I meant that in case someone wondered why I didn't have that code in the
32-bit version.  I'll move the comment.

>> +		 */
>> +		addr &= ~(mm_virt_space(mm) - 1);
>> +		return (addr / bd_entry_virt_space(mm)) * bd_entry_size;
>> +	} else {
>> +		int bd_entry_size = 4; /* 32-bit pointer */
>> +		return (addr / bd_entry_virt_space(mm)) * bd_entry_size;
>> +	}
>> +	/*
>> +	 * The two return calls above are exact copies.  If we
>> +	 * pull out a single copy and put it in here, gcc won't
>> +	 * realize that we're doing a power-of-2 divide and use
>> +	 * shifts.  It uses a real divide.  If we put them up
>> +	 * there, it manages to figure it out (gcc 4.8.3).
> 
> Can't we provide the shift values from bd_entry_virt_space() so we
> don't have to worry about gcc versions being more or less clever?

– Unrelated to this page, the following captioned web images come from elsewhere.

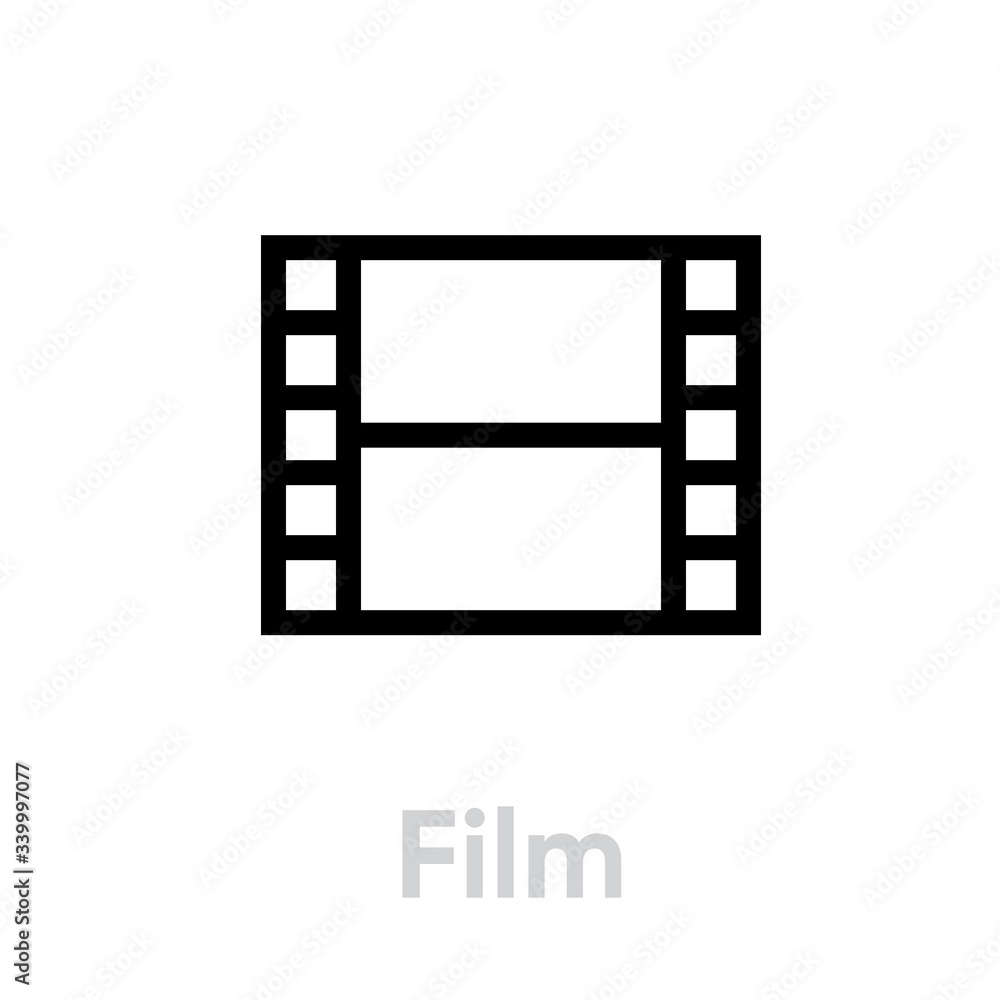 Film icon. Editable Vector Outline.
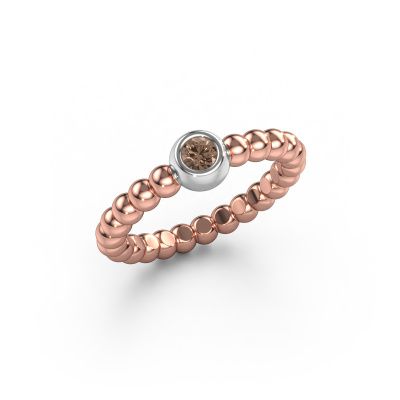 Stackable ring Dini 585 rose gold brown diamond 0.10 crt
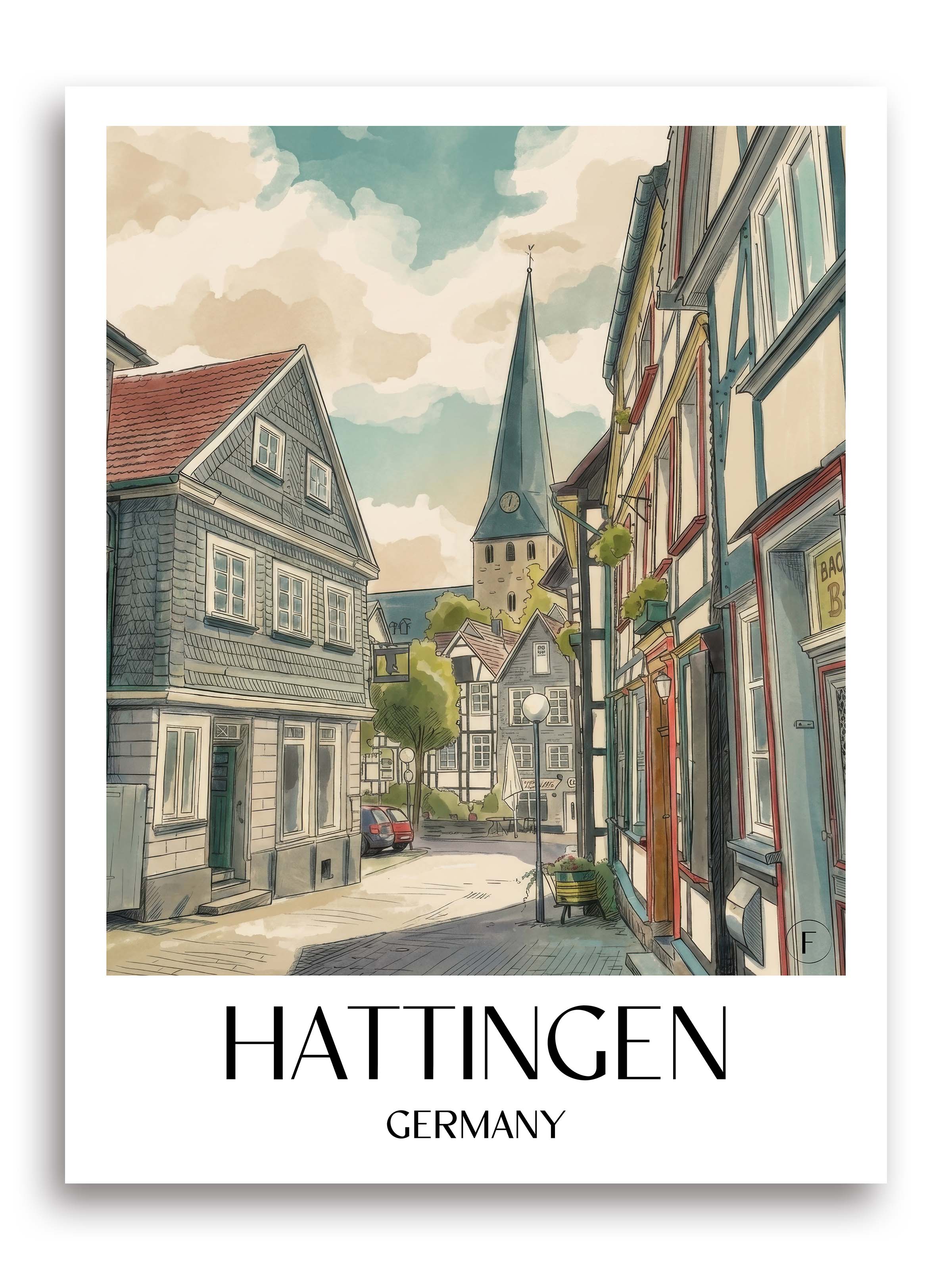 Hattingen Poster - - Deutschland Kunstdruck - Aquarell von A4 bis A1 - favplace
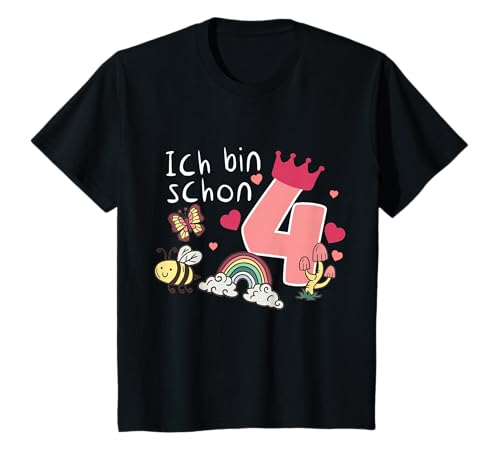 4. Geburtstag Schmetterling Regenbogen Mädchen T-Shirt 4. Geburtstag Schmetterling Regenbogen Mädchen T-Shirt von Mädchen Geschenkidee zum 4. Geburtstag
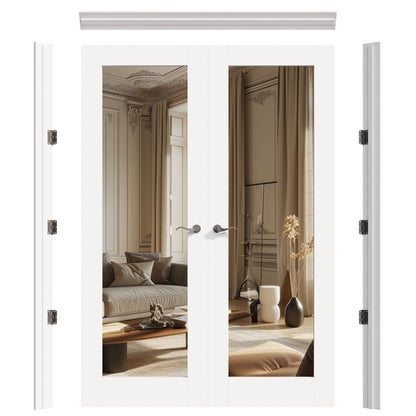 JUJUBON Prehung French Door, Mirror Door Slabs with Jamb, Black Hinges, 4 Levers & Latch, Solid Core Interior Doors, Pre-Finished & Paintable, One Side Mirror & The Opposite White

Yes, I could go back and rework all the math to be done with shifts
instead of power-of-2 divides (which is what was done before).  But,
it's very clear the way that it stands, minus this wart.  The code look
a *lot* better this way.

This isn't super performance-sensitive code.  It's basically in the
munmap() path.  I just really didn't like the idea of an actual integer
divide in there.

So, if GCC breaks this, so be it.  I don't think we'll ever notice.  The
optimization was just too obvious to completely ignore.